Been registered under Ministry of Corporate Affairs, your company cannot be closed unless a proper procedure is pursued.
- Compliance Issues
While going for a Pvt. Ltd. structure, your company is undertaken by certain regulatory bodies of the govt. This implies that there are rules and regulations that apply to your company, and that your company should abide by them. The rules include proper tax payments, compliance costs and other legal requirements.
Since yours is a government registered company now, it’s your responsibility, as the owner, to be wary of the regulations that you fall under, and abide by them. ‘Not knowing’ cannot be used as an excuse against compliance issues.
- Terms of Understanding among Co-Founders:
Remember that tissue-paper agreement you four friends earlier agreed upon? Pvt. Ltd. terms do not associate those co-owners’ division of ownership with respect to their contribution in the company. It’s important for the partners to properly decree a Co-Founder Agreement, setting all the terms and conditions stating the input assets for each partner, and avoid any loopholes.
So in case a founder decides to leave the company, it requires an intricate set of words and legal documents to make sure that it doesn’t leave your company empty-handed.
LIMITED LIABILITY PARTNERSHIP (LLP)
LLPs function very close to a Pvt. Ltd. structure, with a fundamental difference between them. LLP is a structure that is more preferred for the companies that provide service in the field of multi-disciplinary consultation – for example, Law firms, Chartered Accountants etc.
While in Pvt. Ltd., all the owners share the liabilities; in an LLP, the liabilities are restrained to the discipline that is held liable, leaving the rest of the owners at bay. Although, unlike proprietorships and partnerships, your companies are subjected to a ‘Limited Liability’, if registered under Pvt. Ltd. or LLP structure – limiting your losses to just the initial investments.
This is also important, that while the proprietorship and partnership based companies, require no audits, LLPs and Pvt. Ltd. are liable to CA audits.
ONE-PERSON COMPANY (OPC)
An OPC structure is ideal if you prefer to start a company on your own. The number of people required is just one.

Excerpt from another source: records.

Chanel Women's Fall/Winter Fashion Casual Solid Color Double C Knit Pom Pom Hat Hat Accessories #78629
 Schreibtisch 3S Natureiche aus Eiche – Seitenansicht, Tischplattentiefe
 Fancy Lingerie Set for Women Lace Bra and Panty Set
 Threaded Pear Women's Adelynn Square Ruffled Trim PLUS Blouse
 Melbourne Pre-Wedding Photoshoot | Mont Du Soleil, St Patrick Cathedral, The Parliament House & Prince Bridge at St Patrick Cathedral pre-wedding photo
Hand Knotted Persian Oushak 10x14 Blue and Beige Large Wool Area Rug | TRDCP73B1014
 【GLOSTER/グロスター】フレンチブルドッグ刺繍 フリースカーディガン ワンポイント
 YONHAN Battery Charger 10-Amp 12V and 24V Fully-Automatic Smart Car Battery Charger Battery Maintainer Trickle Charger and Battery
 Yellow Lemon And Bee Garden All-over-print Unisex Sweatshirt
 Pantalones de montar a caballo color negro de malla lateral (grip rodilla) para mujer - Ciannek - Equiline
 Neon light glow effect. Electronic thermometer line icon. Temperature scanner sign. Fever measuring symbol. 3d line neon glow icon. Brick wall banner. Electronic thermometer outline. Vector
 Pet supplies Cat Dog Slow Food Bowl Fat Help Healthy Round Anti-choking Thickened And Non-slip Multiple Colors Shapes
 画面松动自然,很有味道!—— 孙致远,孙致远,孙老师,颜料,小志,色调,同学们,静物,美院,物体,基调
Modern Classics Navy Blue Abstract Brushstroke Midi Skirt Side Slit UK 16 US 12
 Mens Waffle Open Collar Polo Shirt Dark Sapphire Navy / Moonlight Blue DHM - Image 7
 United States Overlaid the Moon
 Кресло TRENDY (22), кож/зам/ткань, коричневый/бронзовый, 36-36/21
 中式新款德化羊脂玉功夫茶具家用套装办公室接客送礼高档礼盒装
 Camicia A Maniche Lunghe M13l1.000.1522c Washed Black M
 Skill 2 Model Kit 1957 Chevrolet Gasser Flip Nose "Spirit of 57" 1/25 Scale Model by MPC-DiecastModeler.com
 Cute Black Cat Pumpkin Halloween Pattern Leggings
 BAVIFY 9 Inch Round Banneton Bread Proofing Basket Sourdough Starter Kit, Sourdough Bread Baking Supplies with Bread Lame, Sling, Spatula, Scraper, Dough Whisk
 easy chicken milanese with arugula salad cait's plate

And as you develop, and plan to expand the structure to better forms, the conversion is very easy.
Once you have decided out of these business structures, you will have all of the most important bases to begin your own business. Keep in mind that just the right form is not the mantra of success for a business. But use the plan you’ve created to consistently work on your business to be able to fall in that 5 % of a successful start-up.
KEY THINGS TO REMEMBER:
- Be aware of the compliances and legal regulations that apply to your company.
- Be Careful about your CIBIL score. Maintaining a proper score allows you to get bank loans very conveniently, which would be rather difficult with a negative CIBIL score.
- Go through all the documents that are being submitted to the govt. by yourself, even if your CA is personally taking care of it. The information must be verified because changing it at a later stage would be a throb.